**TASK DIRECTIONS:**
Once the line containing "نخيل للبيع وشاري يسوم جمله وتفرد حتا واحده" appears, output it and each remaining line of the records below exactly, with no pictures and nothing more.
^^^^^^^^
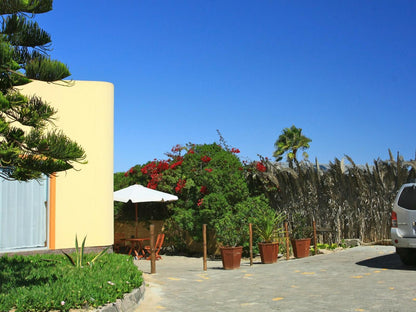 Sandcastle B&B And Self-Catering Apartments, Beach, Nature, Sand, Palm Tree, Plant, Wood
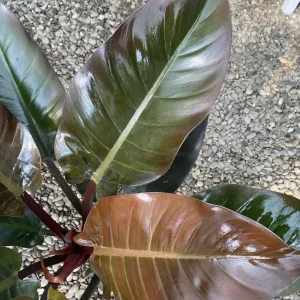 Philodendron Imperial Red XL H70 cm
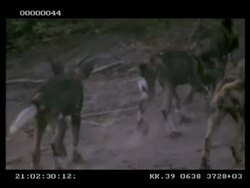 Wild dog, Lycaon picta, pups playfighting, MS, Botswana Stock Footage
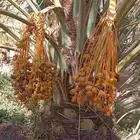 نخيل للبيع وشاري يسوم جمله وتفرد حتا واحده
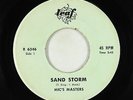Surf Inst. 45 - Mic's Masters - Sand Storm/Rock-N-Round - Leaf - mp3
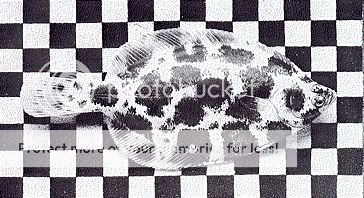 flounder.jpg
^^^^^^^^
**SOLVED EXERCISE:**
 نخيل للبيع وشاري يسوم جمله وتفرد حتا واحده
Surf Inst. 45 - Mic's Masters - Sand Storm/Rock-N-Round - Leaf - mp3
 flounder.jpg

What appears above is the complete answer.